EDITORIAL: Straight ahead for carbon passport control
ANALYSIS / OPINION:
Americans have seen their fair share of bizarre patterns that would feature prominently in the Hall of Fame of Rules and Regulations. If there was such a place, a new one would deserve to be placed in the most notorious corner. These are called âpersonal carbon quotasâ (PCA), essentially a government-run system that regulates the use of carbon-based products. The concept has generated interest alongside the proliferation of new rules requiring citizens to show proof of vaccination against the coronavirus. If carbon-based passports became a reality, Americans would pay dearly to reside in “the land of the free.”
A generations-old obsession with climate change has given rise to the idea that naturally occurring carbon dioxide becomes an unnatural poison when produced by human activity. As a result, an article published in August by the journal Nature launched the idea of ââestablishing a system to monitor and limit an individual’s carbon consumption.
âA BCP program would imply that all adults receive an equal and tradable carbon allowance that decreases over time in accordance with national targets,â the document read.

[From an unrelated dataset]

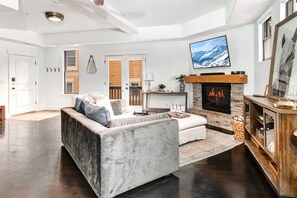 Vacation Rentals in Park City at Moose Lodge 5: Living room with TV and gas fireplace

Among the carbon-emitting energy consumptions to be tracked, there would be electricity and fuel for heating and travel. Additional allowances could be purchased from people with a surplus, as a country’s total supply decreases over time. More ambitious options could include tracking carbon use for larger shares of economic activity, including the production of consumer products. The proposal recommends conducting PCA trials âin certain technologically advanced climate-conscious countriesâ.

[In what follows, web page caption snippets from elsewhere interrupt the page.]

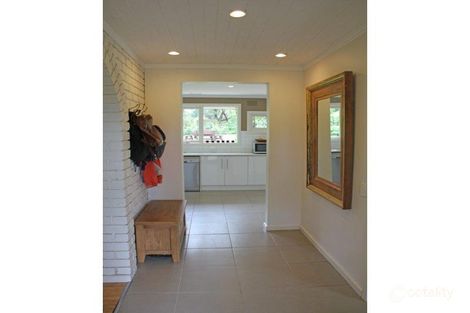 Property photo of 18 Lansdowne Street Macedon VIC 3440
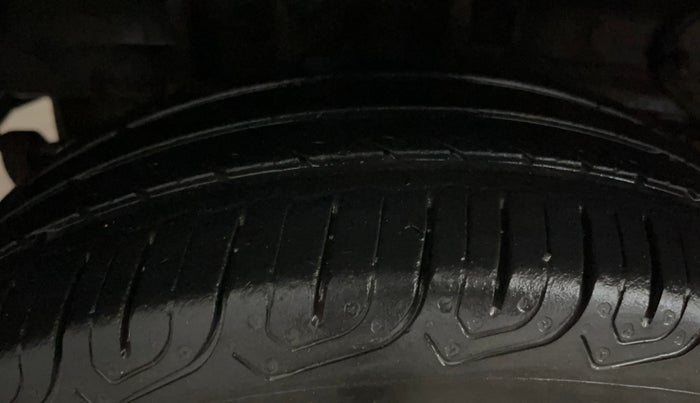 2022 Tata Tiago XZ PLUS CNG, CNG, Manual, 42,231 km, Right Rear Tyre Tread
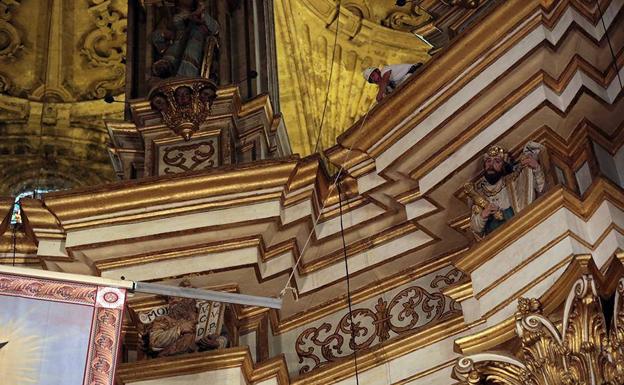 Subida del lienzo en la Catedral.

Besides the loss of constitutionally protected privacy with Uncle Sam observing the targeted product purchases of every American adult, not to mention the progressive deprivation of the freedom to live a chosen lifestyle, what is happening? do not like?
So far, the personal carbon allocation proposal is just a glimmer in the imagination of environmental extremists. But dreams, even nightmarish ones, sometimes come true. Who would have imagined, before COVID-19, that New Yorkers would need a vaccination permit to enter a restaurant?
Proponents justify their drive to control personal carbon by warning that increasing global consumption of carbon-based energy could raise air temperatures, dooming humanity to a future of environmental devastation.
However, climate fears should be tempered. Deaths from climate disasters around the world have not skyrocketed but have fallen in the modern era of carbon-emitting human activity, reports Danish environmentalist Bjorn Lomborg. He writes: âIn the 1920s, the number of deaths from climate-related disasters averaged 485,000 each year. Over the past full decade, 2010-2019, the average was 18,362 deaths per year, or 96.2% less.
Humanity has shown a remarkable ability to adapt to a constantly changing environment. Category 5 Hurricane Katrina hit the Gulf Coast in 2005, killing more than 1,500 Louisianans. When the slightly less powerful Hurricane Ida hit the storm-hardened state recently, the death toll was 13.
Authoritarians show an impulse to view every emergency as an opportunity to undermine human freedom. Americans should accept carbon passports.